* Data to process:
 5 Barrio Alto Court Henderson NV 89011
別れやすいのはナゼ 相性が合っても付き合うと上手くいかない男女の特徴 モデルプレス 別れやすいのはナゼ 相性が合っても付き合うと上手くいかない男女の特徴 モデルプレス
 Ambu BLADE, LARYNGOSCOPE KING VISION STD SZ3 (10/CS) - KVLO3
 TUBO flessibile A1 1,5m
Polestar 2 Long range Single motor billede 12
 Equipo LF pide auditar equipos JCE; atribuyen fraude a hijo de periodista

---

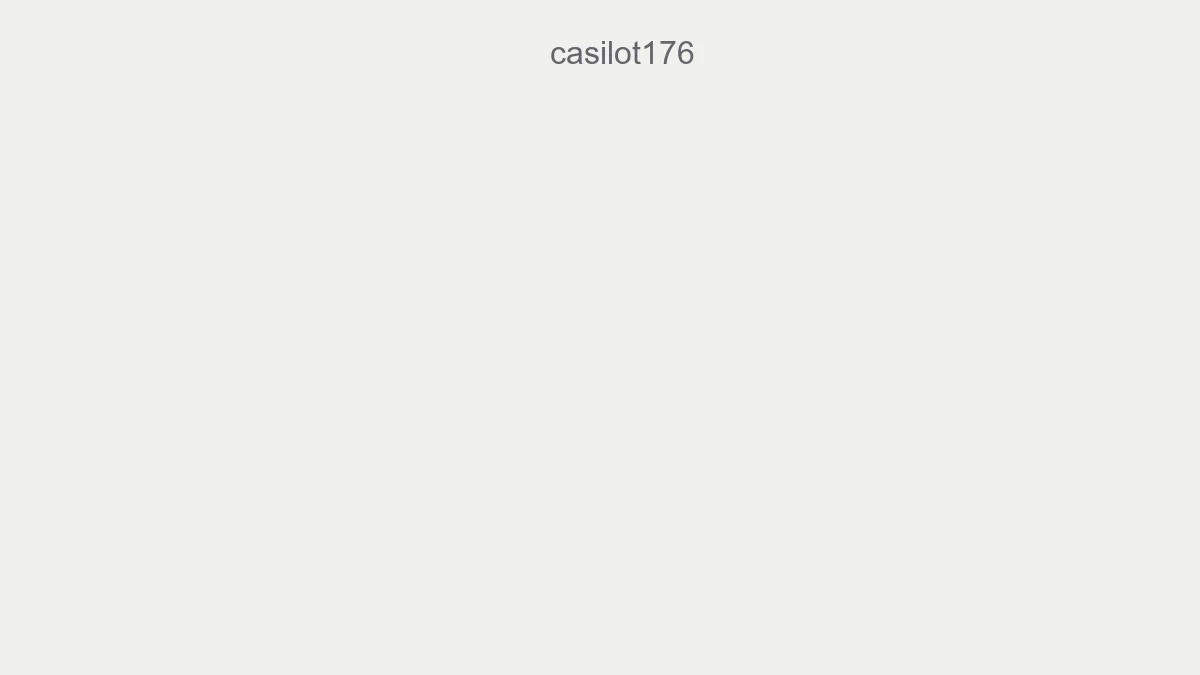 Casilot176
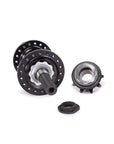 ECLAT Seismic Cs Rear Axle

* Your instructions: Give the exact lines, and only those, from the line containing "5 Barrio Alto Court Henderson NV 89011" through the line containing "Equipo LF pide" in the entries above.

* Answer below:
 5 Barrio Alto Court Henderson NV 89011
別れやすいのはナゼ 相性が合っても付き合うと上手くいかない男女の特徴 モデルプレス 別れやすいのはナゼ 相性が合っても付き合うと上手くいかない男女の特徴 モデルプレス
 Ambu BLADE, LARYNGOSCOPE KING VISION STD SZ3 (10/CS) - KVLO3
 TUBO flessibile A1 1,5m
Polestar 2 Long range Single motor billede 12
 Equipo LF pide auditar equipos JCE; atribuyen fraude a hijo de periodista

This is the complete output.